Do you have dreams of running your own business one day? Building and scaling a high-growth startup, while by far the most difficult way to make money online, arguably has the most potential upside.
By the 3rd quarter of 2017, Venture Capitalists had invested over $61 billion into close to 6,000 startups in the US alone.
There’s money in the air, and if you can successfully create an online service, tool, or marketplace that fulfills a rapidly growing need in the marketplace, you could be on track for creating a very valuable business. However, it’ll undoubtedly take an intense dedication of time, efforts, and financial resources.
Unlike a lot of the other businesses we’re going to cover, startup founders face a whole slew of variables and roadblocks that can get in the way of success.
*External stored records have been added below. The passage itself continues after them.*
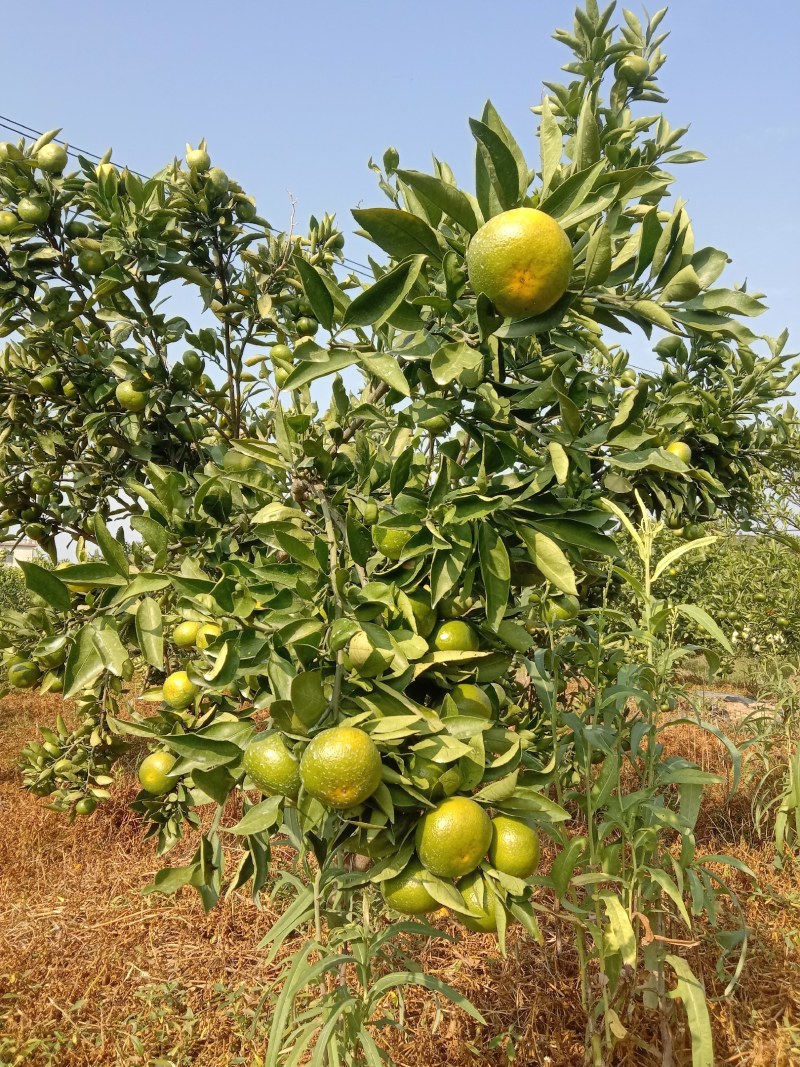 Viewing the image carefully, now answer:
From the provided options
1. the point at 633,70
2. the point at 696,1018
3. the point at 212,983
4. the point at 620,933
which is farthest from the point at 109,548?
the point at 212,983

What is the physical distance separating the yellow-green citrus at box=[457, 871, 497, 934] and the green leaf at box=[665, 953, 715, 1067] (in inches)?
24.1

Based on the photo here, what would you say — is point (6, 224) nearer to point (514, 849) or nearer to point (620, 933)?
point (514, 849)

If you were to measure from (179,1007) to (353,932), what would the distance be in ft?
5.64

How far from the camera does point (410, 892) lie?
97 cm

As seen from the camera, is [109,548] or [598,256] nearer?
[598,256]

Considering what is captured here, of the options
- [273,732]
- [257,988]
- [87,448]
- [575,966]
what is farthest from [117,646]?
[575,966]

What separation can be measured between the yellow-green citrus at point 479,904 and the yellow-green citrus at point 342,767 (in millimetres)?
246

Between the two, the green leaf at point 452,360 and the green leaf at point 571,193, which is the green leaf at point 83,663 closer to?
the green leaf at point 452,360

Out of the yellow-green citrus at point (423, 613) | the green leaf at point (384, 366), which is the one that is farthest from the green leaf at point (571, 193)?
the yellow-green citrus at point (423, 613)

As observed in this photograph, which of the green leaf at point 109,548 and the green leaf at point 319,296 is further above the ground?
the green leaf at point 319,296

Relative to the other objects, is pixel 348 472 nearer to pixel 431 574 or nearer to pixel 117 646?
pixel 431 574

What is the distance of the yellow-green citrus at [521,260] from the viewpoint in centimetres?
78

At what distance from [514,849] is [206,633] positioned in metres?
0.61

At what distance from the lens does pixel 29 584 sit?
102 cm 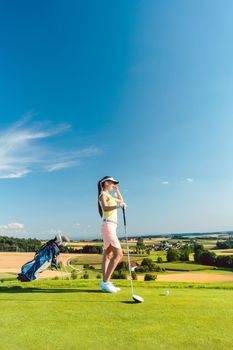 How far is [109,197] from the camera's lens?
22.6 ft

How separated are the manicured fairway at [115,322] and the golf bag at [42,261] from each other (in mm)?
4010

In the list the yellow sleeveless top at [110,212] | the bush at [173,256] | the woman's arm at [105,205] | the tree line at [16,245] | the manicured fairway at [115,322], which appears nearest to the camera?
the manicured fairway at [115,322]

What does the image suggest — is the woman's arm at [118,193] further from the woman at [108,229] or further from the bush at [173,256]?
the bush at [173,256]

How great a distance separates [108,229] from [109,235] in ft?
0.42

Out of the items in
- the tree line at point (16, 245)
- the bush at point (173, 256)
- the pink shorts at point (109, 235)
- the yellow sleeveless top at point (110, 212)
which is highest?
the yellow sleeveless top at point (110, 212)

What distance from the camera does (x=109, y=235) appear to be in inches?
257

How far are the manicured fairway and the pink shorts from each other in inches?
49.3

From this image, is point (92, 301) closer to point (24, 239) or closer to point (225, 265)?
point (225, 265)

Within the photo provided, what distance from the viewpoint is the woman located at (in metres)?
6.49

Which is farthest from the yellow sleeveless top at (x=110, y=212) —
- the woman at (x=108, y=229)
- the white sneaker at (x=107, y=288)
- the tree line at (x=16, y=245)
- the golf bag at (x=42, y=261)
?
the tree line at (x=16, y=245)

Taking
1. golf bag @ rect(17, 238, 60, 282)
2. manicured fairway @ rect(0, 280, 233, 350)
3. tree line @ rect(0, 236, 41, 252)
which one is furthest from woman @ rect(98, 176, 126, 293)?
tree line @ rect(0, 236, 41, 252)

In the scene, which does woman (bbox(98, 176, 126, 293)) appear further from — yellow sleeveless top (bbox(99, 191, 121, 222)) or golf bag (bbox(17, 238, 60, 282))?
golf bag (bbox(17, 238, 60, 282))

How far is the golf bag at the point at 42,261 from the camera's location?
369 inches

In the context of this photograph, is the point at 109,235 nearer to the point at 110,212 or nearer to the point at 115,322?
the point at 110,212
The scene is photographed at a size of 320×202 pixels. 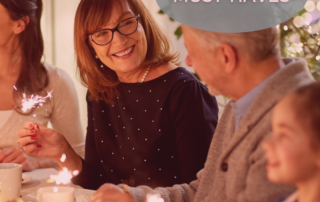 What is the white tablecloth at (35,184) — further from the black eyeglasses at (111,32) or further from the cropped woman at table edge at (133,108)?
the black eyeglasses at (111,32)

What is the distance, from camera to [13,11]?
2.06 metres

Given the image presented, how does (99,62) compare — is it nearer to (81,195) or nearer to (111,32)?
(111,32)

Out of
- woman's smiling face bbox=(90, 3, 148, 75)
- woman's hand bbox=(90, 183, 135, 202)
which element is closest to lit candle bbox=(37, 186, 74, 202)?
woman's hand bbox=(90, 183, 135, 202)

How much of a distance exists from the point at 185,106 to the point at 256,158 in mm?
764

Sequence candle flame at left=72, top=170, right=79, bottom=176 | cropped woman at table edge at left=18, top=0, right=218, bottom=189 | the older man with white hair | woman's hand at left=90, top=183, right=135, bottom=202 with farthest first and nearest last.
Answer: candle flame at left=72, top=170, right=79, bottom=176
cropped woman at table edge at left=18, top=0, right=218, bottom=189
woman's hand at left=90, top=183, right=135, bottom=202
the older man with white hair

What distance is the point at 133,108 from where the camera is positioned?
177 cm

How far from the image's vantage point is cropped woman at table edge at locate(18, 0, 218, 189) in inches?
62.6

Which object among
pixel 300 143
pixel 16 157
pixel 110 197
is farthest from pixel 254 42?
pixel 16 157

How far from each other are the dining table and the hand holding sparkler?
0.09 metres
For one, you’ll want to have a high level of domain experience within the industry your startup is going to operate. This means a deep understanding of your customers, the issues they face, and an idea of potential solutions they’ll be willing to pay for. This is the minimum you need to get started.
After that, you’ll need to be familiar with the other major players in the space who might be good partners or acquisition opportunities, as well as an intimate knowledge of how to raise funding, market your product, hire and manage the best talent, and keep yourself financially above water.
Now, this may sound like a lot, but the payoff is worth it.
So where do you start when building a startup?
The most important thing you need before you do anything else is a problem. What do people need that they don’t have? What solution is currently out there that you can do better? This alone is the basis of every great startup.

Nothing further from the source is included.